Dataset items:
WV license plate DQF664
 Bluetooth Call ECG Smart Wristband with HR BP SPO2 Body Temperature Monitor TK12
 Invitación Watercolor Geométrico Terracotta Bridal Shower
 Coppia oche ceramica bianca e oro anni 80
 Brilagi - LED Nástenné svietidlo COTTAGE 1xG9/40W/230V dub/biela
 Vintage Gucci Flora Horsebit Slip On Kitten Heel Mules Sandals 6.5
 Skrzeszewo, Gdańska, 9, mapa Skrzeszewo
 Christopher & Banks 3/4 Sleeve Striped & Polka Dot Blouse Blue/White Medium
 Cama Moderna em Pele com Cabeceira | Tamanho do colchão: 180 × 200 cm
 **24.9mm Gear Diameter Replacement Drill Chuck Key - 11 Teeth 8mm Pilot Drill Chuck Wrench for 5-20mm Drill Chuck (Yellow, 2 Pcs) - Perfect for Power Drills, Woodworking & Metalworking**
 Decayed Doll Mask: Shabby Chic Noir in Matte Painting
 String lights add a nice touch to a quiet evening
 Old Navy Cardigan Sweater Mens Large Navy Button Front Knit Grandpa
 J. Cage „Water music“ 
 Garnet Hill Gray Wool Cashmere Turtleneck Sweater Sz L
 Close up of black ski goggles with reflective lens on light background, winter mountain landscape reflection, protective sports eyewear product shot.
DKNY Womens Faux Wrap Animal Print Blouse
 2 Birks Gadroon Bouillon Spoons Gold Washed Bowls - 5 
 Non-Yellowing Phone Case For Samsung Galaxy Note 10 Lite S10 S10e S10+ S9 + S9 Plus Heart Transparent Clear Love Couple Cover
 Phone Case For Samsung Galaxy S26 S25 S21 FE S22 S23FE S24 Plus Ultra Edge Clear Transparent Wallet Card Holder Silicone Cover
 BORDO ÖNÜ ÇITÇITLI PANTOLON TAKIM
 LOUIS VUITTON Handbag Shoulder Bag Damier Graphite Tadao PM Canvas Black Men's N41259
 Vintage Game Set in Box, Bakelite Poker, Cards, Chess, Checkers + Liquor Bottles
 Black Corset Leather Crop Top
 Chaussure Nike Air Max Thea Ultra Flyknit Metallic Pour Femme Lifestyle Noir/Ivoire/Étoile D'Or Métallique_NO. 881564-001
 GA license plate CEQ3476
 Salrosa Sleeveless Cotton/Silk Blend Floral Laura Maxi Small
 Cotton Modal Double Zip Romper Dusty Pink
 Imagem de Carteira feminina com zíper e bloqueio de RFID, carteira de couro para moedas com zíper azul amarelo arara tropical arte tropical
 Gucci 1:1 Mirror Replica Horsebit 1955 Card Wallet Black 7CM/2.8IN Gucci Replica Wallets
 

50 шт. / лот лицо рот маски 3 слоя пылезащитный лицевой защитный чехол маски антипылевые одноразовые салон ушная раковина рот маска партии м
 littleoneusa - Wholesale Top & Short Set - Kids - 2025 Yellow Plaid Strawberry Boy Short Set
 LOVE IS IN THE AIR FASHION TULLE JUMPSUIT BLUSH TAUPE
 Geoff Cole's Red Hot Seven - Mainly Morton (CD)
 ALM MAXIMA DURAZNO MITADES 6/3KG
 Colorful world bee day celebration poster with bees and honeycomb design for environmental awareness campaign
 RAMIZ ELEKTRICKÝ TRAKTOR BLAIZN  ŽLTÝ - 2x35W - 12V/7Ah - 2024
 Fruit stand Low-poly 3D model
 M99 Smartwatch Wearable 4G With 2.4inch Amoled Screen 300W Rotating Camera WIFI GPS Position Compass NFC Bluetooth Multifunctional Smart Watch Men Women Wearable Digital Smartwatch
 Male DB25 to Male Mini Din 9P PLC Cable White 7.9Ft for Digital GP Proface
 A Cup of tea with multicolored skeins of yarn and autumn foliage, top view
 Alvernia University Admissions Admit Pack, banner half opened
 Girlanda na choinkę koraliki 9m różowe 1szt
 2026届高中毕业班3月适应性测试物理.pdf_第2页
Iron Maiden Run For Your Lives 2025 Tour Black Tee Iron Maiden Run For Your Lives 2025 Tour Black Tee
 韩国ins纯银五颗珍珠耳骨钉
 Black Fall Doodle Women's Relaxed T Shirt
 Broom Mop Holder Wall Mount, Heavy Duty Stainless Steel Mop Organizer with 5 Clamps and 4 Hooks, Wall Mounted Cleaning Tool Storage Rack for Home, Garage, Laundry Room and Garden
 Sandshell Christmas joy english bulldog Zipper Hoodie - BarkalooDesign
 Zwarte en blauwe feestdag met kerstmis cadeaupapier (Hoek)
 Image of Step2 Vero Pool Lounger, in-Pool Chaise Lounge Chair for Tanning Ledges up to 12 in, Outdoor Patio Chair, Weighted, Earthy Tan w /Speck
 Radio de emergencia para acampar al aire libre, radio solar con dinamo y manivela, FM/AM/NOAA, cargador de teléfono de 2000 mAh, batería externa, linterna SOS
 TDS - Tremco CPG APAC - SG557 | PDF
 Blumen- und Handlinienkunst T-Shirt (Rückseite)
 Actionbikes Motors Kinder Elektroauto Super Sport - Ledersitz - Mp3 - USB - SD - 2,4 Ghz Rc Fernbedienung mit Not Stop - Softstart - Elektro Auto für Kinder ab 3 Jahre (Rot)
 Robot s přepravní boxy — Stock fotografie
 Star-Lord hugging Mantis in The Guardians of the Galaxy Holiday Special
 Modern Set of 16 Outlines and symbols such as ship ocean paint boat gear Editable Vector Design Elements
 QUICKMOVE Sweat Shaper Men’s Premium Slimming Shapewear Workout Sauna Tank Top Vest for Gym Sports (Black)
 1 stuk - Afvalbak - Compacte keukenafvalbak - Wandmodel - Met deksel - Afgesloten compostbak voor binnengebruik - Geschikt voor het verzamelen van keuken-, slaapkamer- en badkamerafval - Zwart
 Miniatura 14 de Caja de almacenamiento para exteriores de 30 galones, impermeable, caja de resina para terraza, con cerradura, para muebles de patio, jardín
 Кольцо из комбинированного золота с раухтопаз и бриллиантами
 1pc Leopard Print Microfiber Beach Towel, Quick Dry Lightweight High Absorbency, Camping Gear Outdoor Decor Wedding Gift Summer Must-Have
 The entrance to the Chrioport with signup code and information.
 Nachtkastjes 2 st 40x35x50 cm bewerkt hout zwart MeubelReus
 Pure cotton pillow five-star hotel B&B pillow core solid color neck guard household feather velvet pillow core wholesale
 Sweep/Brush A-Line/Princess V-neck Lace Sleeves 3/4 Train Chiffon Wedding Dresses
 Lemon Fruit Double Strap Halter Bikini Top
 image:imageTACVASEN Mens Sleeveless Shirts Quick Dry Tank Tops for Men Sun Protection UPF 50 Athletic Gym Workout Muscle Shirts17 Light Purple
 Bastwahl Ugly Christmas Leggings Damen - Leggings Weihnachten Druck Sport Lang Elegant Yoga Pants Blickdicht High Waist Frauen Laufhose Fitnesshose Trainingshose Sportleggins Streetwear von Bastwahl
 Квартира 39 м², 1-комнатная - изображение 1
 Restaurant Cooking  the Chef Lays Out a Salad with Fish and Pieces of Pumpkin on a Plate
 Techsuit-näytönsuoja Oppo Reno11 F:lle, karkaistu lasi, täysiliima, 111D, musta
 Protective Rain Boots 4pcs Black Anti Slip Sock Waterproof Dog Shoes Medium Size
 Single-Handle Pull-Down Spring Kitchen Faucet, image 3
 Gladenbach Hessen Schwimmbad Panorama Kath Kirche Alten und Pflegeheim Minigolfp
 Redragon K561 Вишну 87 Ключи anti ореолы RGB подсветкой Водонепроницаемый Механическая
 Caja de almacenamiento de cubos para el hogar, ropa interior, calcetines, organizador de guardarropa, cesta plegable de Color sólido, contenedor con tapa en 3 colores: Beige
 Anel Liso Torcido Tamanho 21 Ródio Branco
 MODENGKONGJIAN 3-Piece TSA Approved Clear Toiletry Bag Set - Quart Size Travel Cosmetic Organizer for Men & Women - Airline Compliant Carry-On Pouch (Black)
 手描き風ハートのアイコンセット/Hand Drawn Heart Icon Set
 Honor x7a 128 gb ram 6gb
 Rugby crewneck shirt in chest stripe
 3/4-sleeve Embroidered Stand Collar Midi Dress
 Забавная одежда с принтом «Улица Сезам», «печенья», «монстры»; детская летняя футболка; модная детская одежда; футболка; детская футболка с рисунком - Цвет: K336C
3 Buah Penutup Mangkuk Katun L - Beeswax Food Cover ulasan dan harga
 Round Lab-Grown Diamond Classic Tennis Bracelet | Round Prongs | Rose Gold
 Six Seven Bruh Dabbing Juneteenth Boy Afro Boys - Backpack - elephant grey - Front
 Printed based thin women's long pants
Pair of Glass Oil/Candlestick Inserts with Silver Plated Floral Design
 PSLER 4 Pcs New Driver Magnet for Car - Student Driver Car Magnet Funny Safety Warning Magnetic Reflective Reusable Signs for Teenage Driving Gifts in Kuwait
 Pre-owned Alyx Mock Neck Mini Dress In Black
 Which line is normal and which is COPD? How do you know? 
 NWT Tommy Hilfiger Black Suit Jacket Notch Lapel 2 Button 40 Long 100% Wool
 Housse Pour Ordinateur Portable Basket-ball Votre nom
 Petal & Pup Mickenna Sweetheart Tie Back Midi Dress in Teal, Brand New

ABOUT THIS TASK:
The lines above that hold the word "almacenamiento" should be found and copied out.

RESPONSE TO THIS EXERCISE:
 Miniatura 14 de Caja de almacenamiento para exteriores de 30 galones, impermeable, caja de resina para terraza, con cerradura, para muebles de patio, jardín
 Caja de almacenamiento de cubos para el hogar, ropa interior, calcetines, organizador de guardarropa, cesta plegable de Color sólido, contenedor con tapa en 3 colores: Beige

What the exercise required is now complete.